◆ Data supplied
=== Section Start ===

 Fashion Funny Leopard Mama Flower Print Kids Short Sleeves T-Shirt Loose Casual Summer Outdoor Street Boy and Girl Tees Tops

=== Section End ===
=== Section Start ===

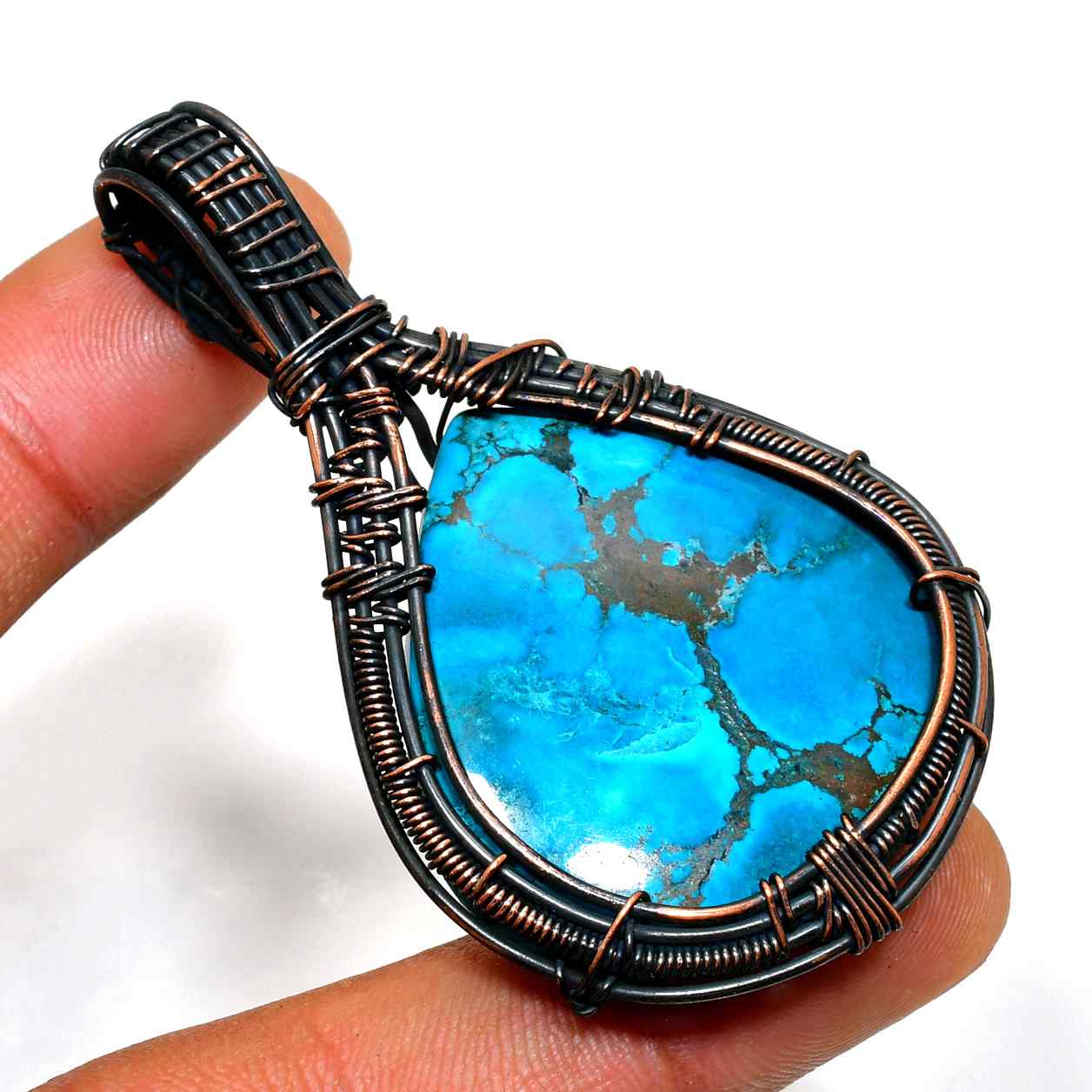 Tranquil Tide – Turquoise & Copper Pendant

=== Section End ===
=== Section Start ===

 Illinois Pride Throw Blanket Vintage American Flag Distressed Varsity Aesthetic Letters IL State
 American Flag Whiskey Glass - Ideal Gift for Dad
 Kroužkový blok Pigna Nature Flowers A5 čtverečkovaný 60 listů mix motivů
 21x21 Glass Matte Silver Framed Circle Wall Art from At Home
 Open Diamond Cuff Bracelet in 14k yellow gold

=== Section End ===

◆ Description of the task
Set down, exactly as they stand above, the lines starting with the line with "Kroužkový blok Pigna" and going on through the line with "Open Diamond Cuff", and no others.

◆ Solved exercise
 Kroužkový blok Pigna Nature Flowers A5 čtverečkovaný 60 listů mix motivů
 21x21 Glass Matte Silver Framed Circle Wall Art from At Home
 Open Diamond Cuff Bracelet in 14k yellow gold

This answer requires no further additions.